Jamestown’s Legacy? Only Our National Identity

By May 9, 2007General

Jamestown.jpgThe Washington Post includes a special section today, “Jamestown 400,” with feature stories, columns, and a schedule of the weekend’s events marking the quadricentennial of the first permanent English settlement in North America. The online version of the package is impressive.

In a world where America’s founding myths have fallen on hard times — oh, for some edification and nation-binding — the Post does an admirable job of conveying why Jamestown should matter to our citizens today.

In the lead article, Frederick Kunkle writes,

We know so little about them. One hundred and five adventurers, men and boys, boarded three cramped ships in England in December 1606 and risked everything on a six-month voyage to a place that almost no one in Europe had ever seen.

They are like a 17th-century portrait, clouded by time yet surprisingly true to who we are in 21st-century America. And like all true portraits, the image is not entirely flattering.

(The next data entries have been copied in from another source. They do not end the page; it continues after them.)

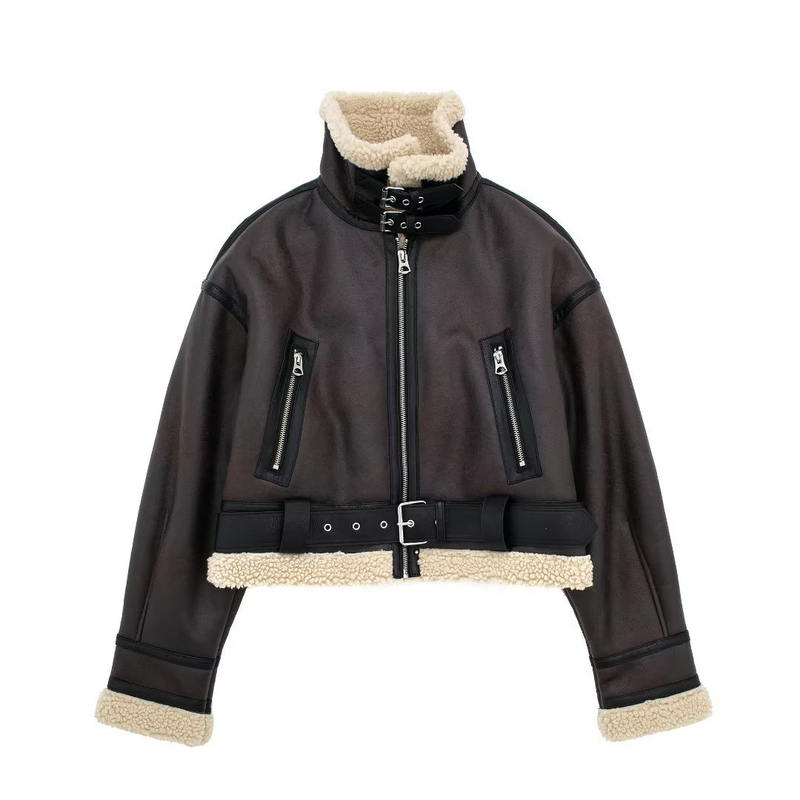 Women's New Double-sided Short Jacket Winter Motorcycle Style Fur One-piece Warm Jacket_voghion.com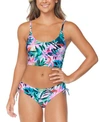 Raisins Juniors Aruba Printed Cropped Tankini Luna Printed Bikini Bottoms In Multi Color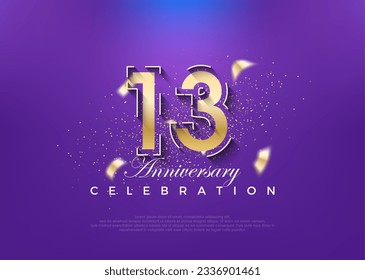 Gold number 13th anniversary. premium vector design. Premium vector for poster, banner, celebration greeting.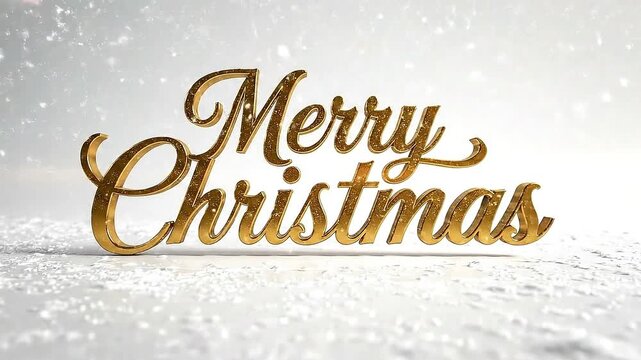 Simple white background, golden &ldquo;Merry Christmas&rdquo; typography with soft glow, falling snow particles, elegant minimal style, cinematic soft light
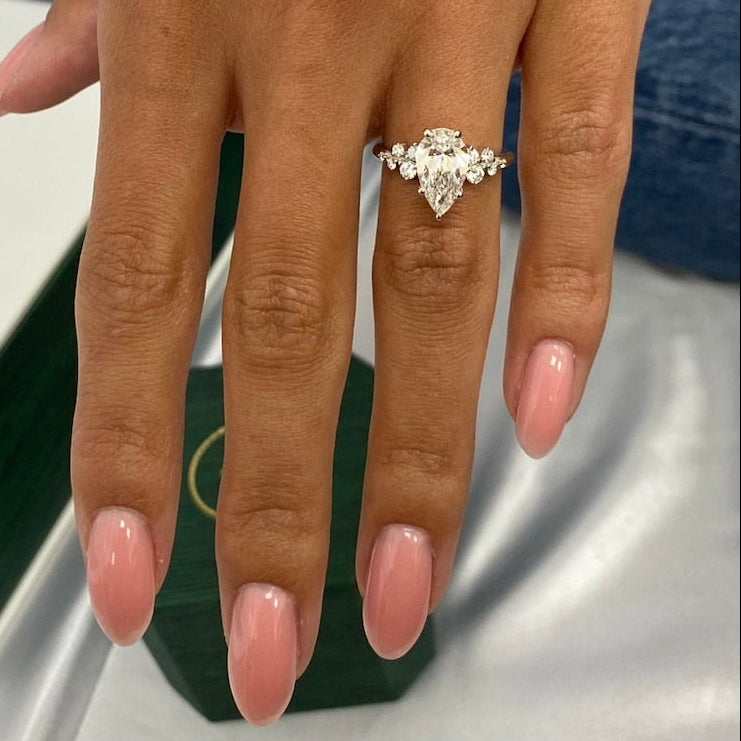 1.50 CT Pear Cluster Moissanite Engagement Ring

They were the ones who established the New World’s first permanent English colony on the shores of the James River in Virginia, who formed the New World’s first representative government before the Mayflower crew ever spied land. They spoke English, a relatively new and remarkably pliant language that would easily absorb bits of Spanish, French and Algonquian. Despite their rocky start, these fortune-minded adventurers would be models of entrepreneurial thinking for generations to come.

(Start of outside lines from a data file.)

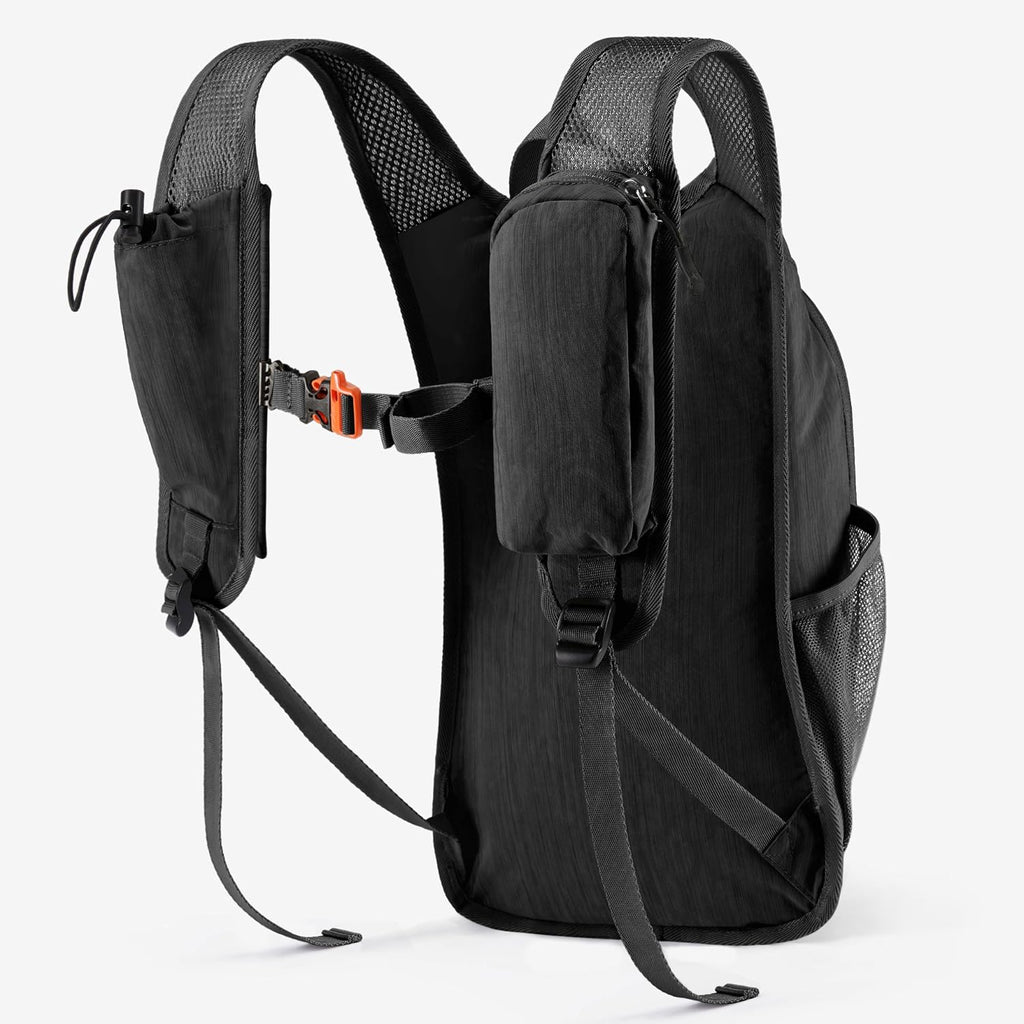 Uselike 10L Small Hiking Backpack Travel Daypack Lightweight Packable Back Pack for Women Men(Black)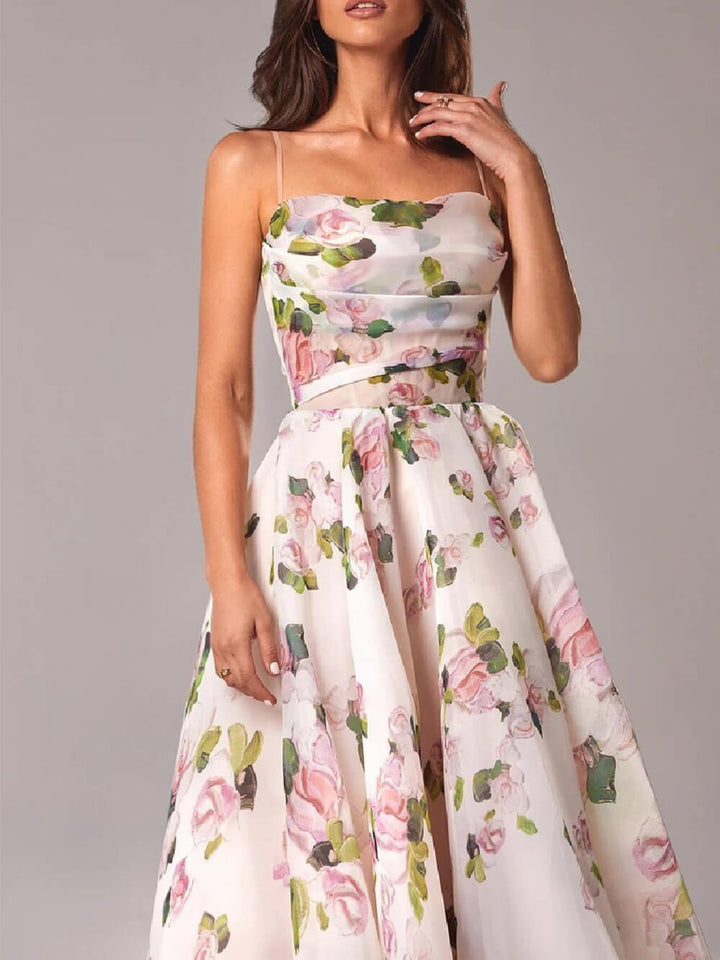 Robe midi évasée à bretelles fleuries pour femme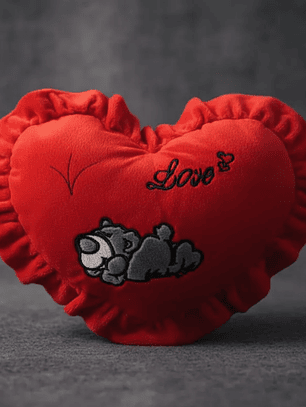 Cojín De Corazón Rojo Peluche Con Oso Love Regalo 49x36cm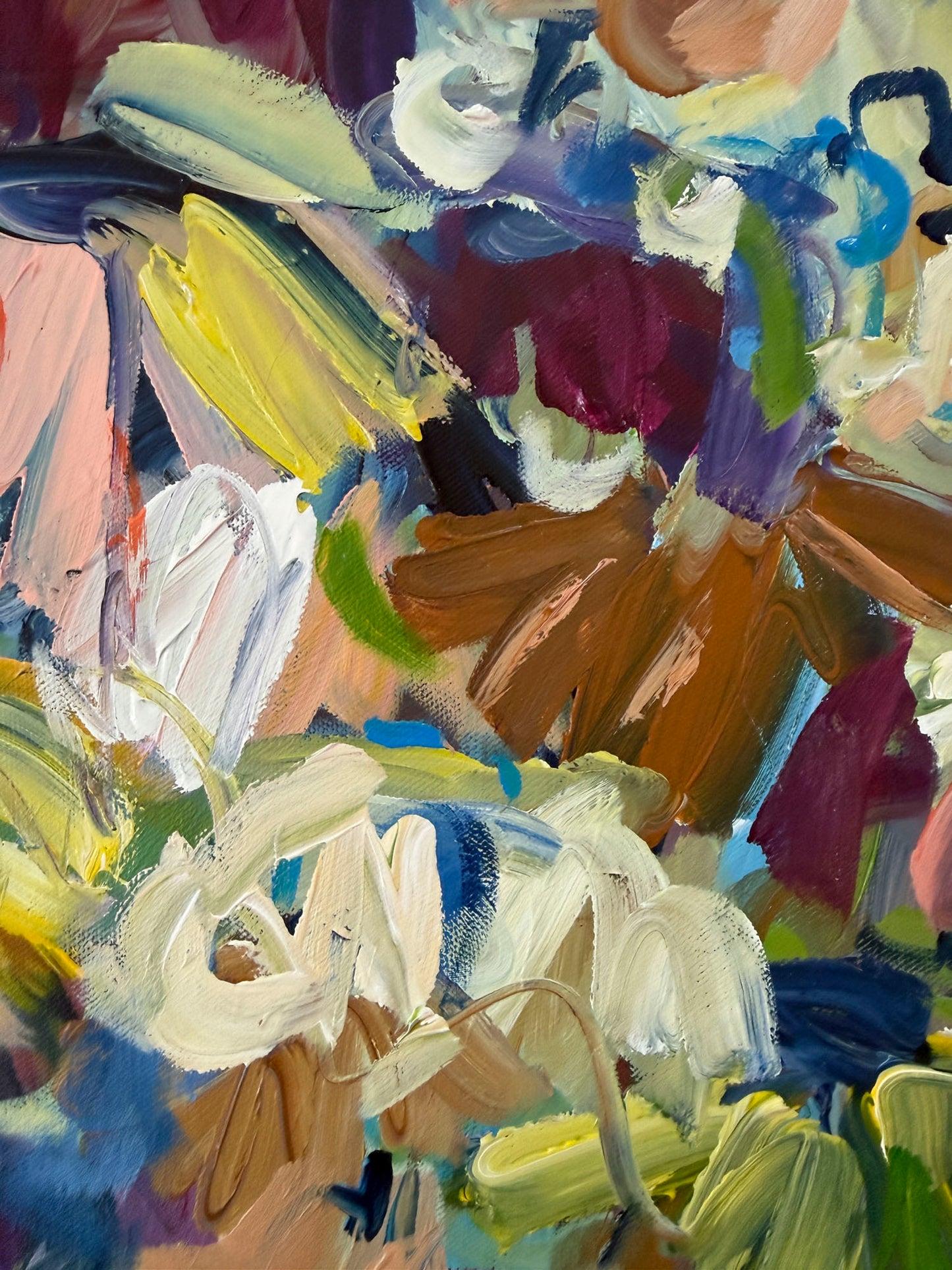 Merge - Abstract Floral Painting - 21x25 inches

The expected buts and balance follow, holding men of four centuries past to the standards of today. (Having attended the Shakespeare Theatre’s production of the blood-soaked Titus Andronicus last night, one is reminded that the English of years past had a different worldview than we do today.)

But we’re grousing. The Post’s package is fine, and many thanks for the line, “these fortune-minded adventurers would be models of entrepreneurial thinking.” As we’ve noted, a year after settlement, Jamestown was the site of the first manufacturing facility in what would become the United States, a glassworks that produced goods for shipping back to England.

We’ll be down at the celebrations on Saturday, celebrating the good that comes from fortune-minded adventurers…including our national identity.